What was decided at the meetings set off the chain of events that was to lead to the public exposure of Dr Kelly to an intense media spotlight, to his appearance before two parliamentary committees and to his death.
Mr Blair told the inquiry that he had been guided by senior civil servants over the affair. But he added:
The responsibility is mine, at the end of the day. I take the decision as Prime Minister, but I wanted to be able to say that we had played it by the book.
Just over five weeks ago, on learning of Dr Kelly's apparent suicide during an official flight from Shanghai to Hong Kong, the Prime Minister had 'categorically' and 'emphatically' denied he had played a part in revealing the scientist's name.

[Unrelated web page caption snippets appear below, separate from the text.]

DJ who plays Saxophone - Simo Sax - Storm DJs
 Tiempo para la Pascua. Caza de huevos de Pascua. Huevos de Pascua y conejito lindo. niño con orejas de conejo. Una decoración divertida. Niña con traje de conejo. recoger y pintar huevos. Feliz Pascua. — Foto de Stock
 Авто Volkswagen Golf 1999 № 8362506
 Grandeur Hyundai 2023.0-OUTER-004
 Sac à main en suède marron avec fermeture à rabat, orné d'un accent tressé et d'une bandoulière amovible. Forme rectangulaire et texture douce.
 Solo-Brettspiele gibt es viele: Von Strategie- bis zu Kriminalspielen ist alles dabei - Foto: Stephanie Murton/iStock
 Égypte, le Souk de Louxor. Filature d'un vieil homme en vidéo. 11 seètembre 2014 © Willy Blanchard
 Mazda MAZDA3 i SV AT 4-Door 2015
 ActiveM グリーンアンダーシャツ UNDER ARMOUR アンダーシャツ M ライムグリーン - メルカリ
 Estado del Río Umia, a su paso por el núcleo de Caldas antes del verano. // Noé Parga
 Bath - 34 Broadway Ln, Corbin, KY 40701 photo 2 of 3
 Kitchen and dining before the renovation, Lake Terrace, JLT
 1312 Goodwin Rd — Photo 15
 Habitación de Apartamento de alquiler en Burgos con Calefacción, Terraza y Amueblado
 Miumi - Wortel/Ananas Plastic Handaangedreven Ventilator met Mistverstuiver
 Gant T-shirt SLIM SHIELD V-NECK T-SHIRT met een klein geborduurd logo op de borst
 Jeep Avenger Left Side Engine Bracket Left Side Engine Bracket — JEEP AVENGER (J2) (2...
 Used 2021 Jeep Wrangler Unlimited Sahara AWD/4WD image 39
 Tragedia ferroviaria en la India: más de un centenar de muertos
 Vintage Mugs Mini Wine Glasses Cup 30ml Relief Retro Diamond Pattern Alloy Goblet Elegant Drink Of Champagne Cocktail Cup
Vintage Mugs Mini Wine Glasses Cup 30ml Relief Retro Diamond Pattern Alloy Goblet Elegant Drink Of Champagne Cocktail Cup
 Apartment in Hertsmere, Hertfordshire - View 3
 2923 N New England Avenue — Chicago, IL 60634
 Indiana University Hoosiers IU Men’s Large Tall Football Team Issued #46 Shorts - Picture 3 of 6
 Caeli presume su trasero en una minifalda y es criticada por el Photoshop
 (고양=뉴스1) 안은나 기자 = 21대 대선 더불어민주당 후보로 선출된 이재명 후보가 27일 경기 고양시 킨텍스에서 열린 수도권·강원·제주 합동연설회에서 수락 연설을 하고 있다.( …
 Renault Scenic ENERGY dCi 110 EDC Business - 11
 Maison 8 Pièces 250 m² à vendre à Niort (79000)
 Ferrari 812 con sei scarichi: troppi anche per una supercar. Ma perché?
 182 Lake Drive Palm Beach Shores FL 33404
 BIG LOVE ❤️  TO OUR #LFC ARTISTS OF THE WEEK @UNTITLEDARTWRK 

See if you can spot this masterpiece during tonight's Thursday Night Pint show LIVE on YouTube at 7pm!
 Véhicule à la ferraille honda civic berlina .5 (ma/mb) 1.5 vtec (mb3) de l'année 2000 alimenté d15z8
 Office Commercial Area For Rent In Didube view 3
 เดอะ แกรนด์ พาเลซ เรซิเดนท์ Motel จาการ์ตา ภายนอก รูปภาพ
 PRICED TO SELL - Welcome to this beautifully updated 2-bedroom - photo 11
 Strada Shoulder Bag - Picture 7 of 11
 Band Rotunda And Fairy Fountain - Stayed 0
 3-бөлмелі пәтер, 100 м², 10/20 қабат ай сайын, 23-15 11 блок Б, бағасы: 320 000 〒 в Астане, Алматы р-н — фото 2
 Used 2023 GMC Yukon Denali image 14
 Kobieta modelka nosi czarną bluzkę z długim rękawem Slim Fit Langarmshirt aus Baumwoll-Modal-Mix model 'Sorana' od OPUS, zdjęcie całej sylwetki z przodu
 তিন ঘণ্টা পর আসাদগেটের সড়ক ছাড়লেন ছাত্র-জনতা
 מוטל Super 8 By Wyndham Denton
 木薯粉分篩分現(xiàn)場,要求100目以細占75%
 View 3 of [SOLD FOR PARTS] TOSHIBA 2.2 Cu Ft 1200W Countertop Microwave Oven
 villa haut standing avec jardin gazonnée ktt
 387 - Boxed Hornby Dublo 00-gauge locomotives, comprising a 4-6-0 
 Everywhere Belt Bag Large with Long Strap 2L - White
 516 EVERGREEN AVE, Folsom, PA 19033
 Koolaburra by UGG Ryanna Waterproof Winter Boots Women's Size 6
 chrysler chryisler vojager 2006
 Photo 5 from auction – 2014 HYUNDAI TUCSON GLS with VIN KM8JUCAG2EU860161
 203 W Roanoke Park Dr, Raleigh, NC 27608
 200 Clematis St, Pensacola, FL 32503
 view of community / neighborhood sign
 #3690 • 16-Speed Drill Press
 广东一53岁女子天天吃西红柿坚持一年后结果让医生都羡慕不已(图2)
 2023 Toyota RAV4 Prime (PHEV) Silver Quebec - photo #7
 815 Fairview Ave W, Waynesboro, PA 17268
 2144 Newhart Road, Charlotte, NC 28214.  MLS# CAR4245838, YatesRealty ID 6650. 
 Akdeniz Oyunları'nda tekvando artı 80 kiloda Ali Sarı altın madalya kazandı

Mr Blair, his ministers and spokesmen had subsequently declared that the Ministry of Defence had been left to handle Dr Kelly after he volunteered the fact that he had discussed last September's Iraq dossier with Mr Gilligan.
Four days after Dr Kelly was discovered dead in an Oxfordshire wood, the Prime Minister's official spokesman was still insisting that the MoD was the 'lead department' in working out the strategy over Dr Kelly and that this had been done under 'normal MoD procedure'.
The fundamental hurdle to calling John Howard to account in the same way is that his formulation would be:
The responsibility is not mine, at the end of the day. I take the decision as Prime Minister, but I wanted to be able to say that we had played it by the book which no-one told me about and I certainly did not read.